Access controls were built around how humans request data. However, AI agents are demonstrating that they behave differently: deciding what to access, which tools to call, and what actions to take. They do so autonomously, at volume, and in ways most permissions systems weren't designed to handle.
Permission models built for human users weren't designed for that. Most enterprises don't have an authorization platform that accounts for agents. That gap is why AI projects stall between prototype and production.
And that gap is widening. Companies are investing heavily in modernizing their existing applications using AI. AI-assisted coding has compressed development timelines: features that took months now ship in days, and teams have cleared entire feature backlogs. But the permissions infrastructure underneath those apps isn't keeping pace. The access patterns for these applications have shifted too: more volume from automated workflows and agents than from users, new identity complexity from agents acting on behalf of users, and agent behaviors that fall outside what authorization policies were written to handle. What worked for human users doesn't work for this.
AI initiatives are stalling not because of technical complexity but because the permissions layer wasn't designed for it. AuthZed is the authorization platform built to close that gap, supporting modern applications and the complexities of AI systems alike. We've been working with engineering teams building permissions-aware RAG and agentic workflow systems. Companies like OpenAI and Workday are already running AI applications in production on AuthZed. They're moving faster because they adopted an authorization platform early.
We've integrated authorization into the tools and frameworks teams build on:
- LangChain + LangGraph: Permission checks slot directly into retrieval pipelines, filtering documents before they reach the LLM. The SpiceDBPermissionTool also lets agents verify permissions as part of their reasoning process, so authorization happens at every tool call, not just at session start.

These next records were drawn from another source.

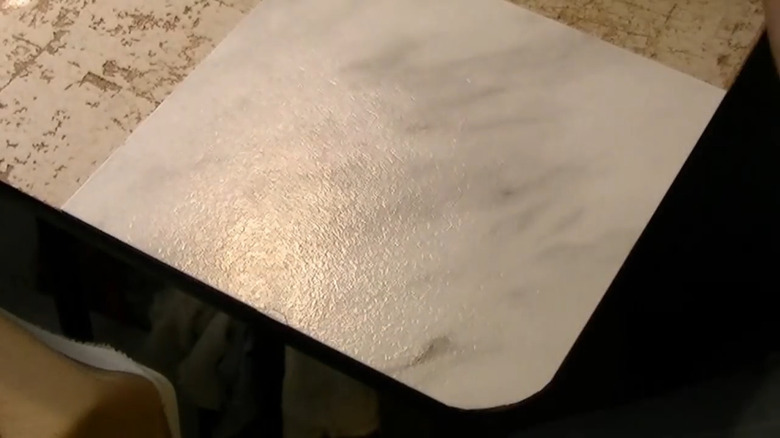 DIY table surface vinyl tile refresh project in process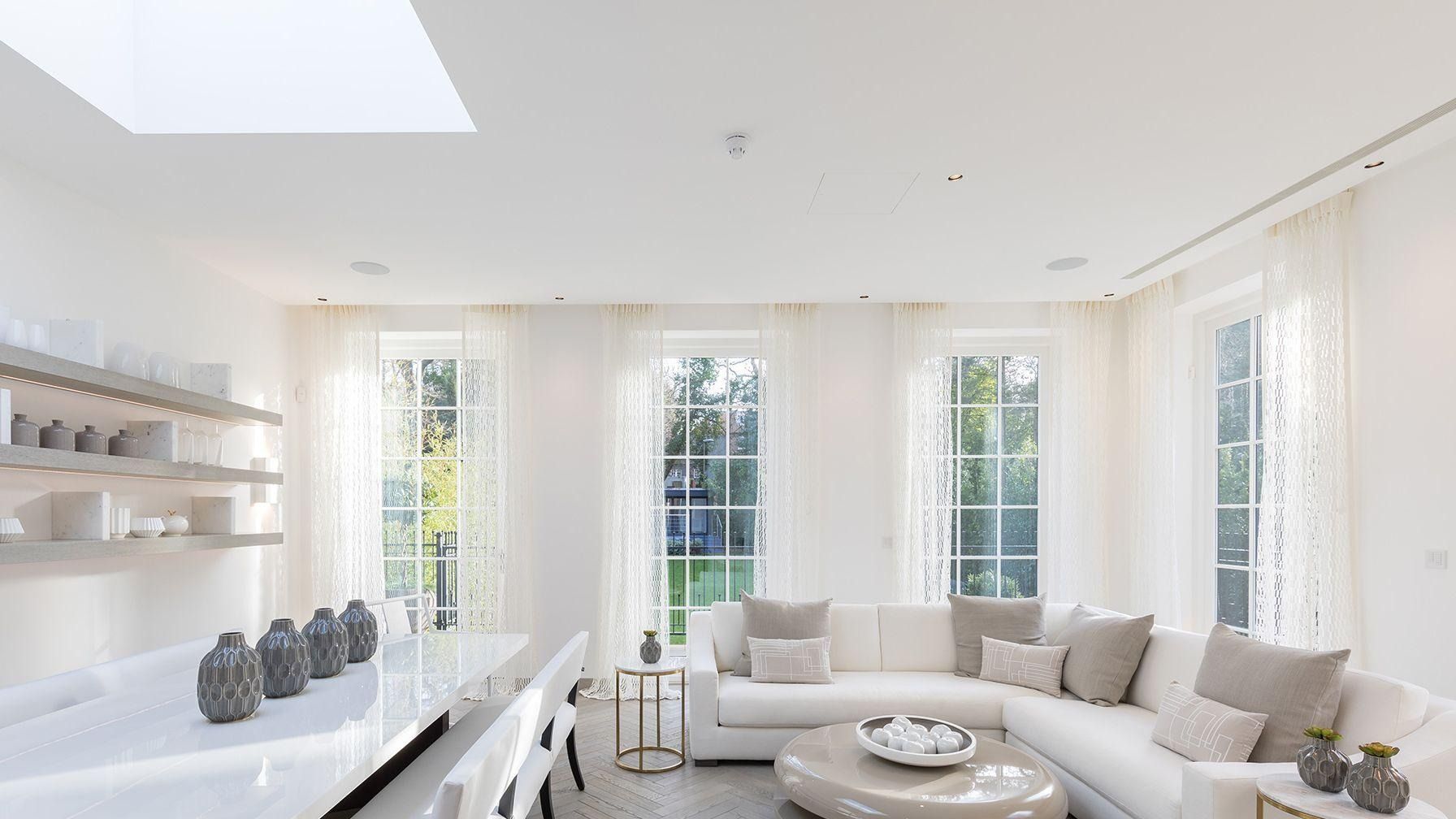 An all-white living and dining room with a skylight, sheer curtains, and tall sunlit windows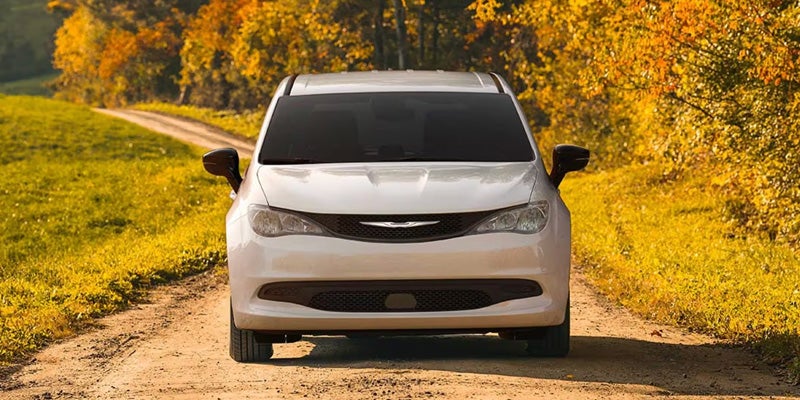 A white Chrysler Pacifica minivan on a dirt road, surrounded by green and golden autumn foliage.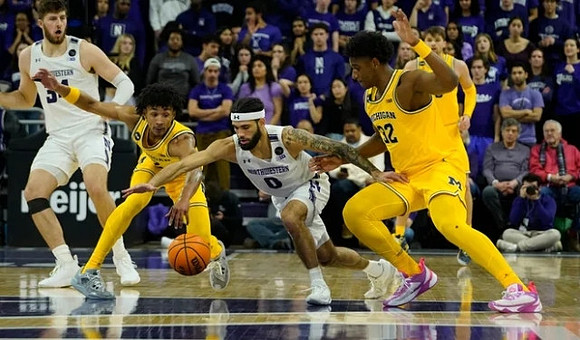 Kobe Bufkin (2), Tarris Reed Jr. (32), and Joey Baker (15)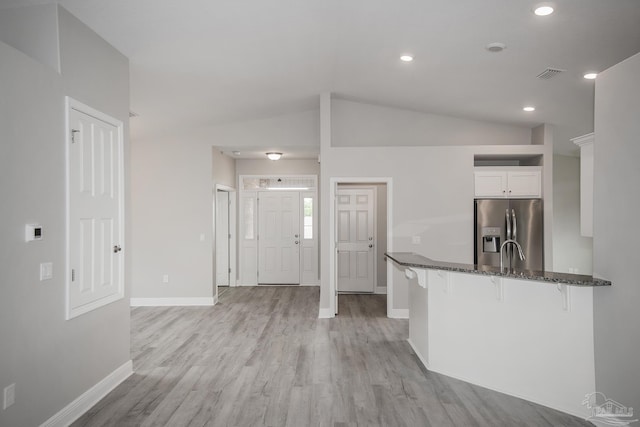 3620 Ranch Dr, Crestview, FL 32539 - kitchen featuring stainless steel fridge with ice dispenser, a breakfast bar area, baseboards, dark stone counters, and white cabinets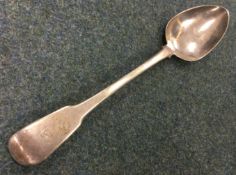 A George III silver basting spoon with crested terminal. London 1810. By Thomas Wilkes Barker.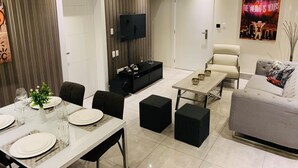 Una sala de estar moderna con comedor, un televisor de pantalla plana, un sofá y una mesa de centro.
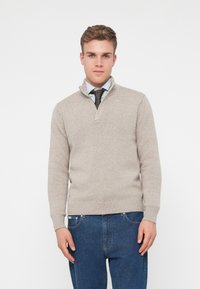 Jasno beżowy sweter dzianinowy z kołnierzem na ćwierć suwaka, ściągaczami na rękawach i u dołu. Nosi się go na niebieskiej koszuli oraz w połączeniu z dżinsami w kolorze niebieskim.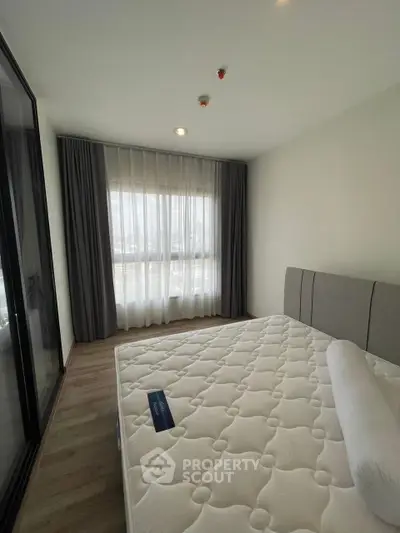 Modern bedroom with large window and elegant curtains, featuring a comfortable bed and minimalist design.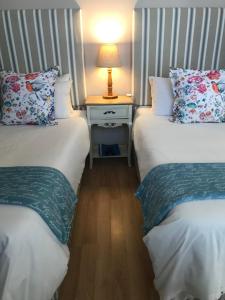 Ένα ή περισσότερα κρεβάτια σε δωμάτιο στο Cherry Berry Lodge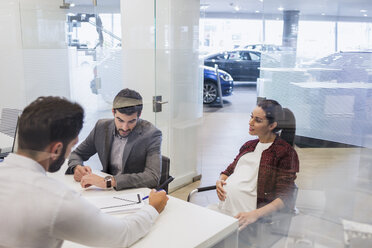 Car salesman explaining financial contract paperwork to pregnant couple customers in car dealership office - CAIF20006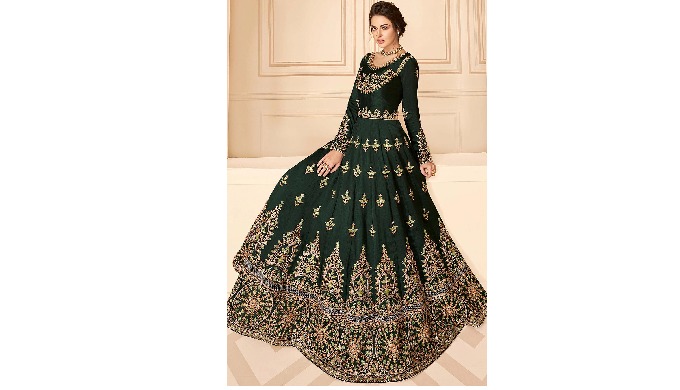 This Bottle Green Anarkali Suit is made of Silk. The full-sleeved beauty has delicate zari work all ...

- Pinecone: Authorization is part of the retrieval pipeline using pre- or post-filter approaches, depending on corpus size and access patterns.
- Testcontainers: Teams can run integration tests against real SpiceDB instances, not mocks that won't catch production failures.
Teams that solve authorization early move faster: shorter time to market, data they can actually trust their AI to access, and use cases that would otherwise be too risky to ship. Authorization isn't just risk mitigation. It determines what you can build securely.
Join us at SpiceDB Community Day
We've been building with AI ourselves and have tools we'll share soon. SpiceDB Community Day today is a good place to start if you want to hear from engineers working on AI and authorization in practice.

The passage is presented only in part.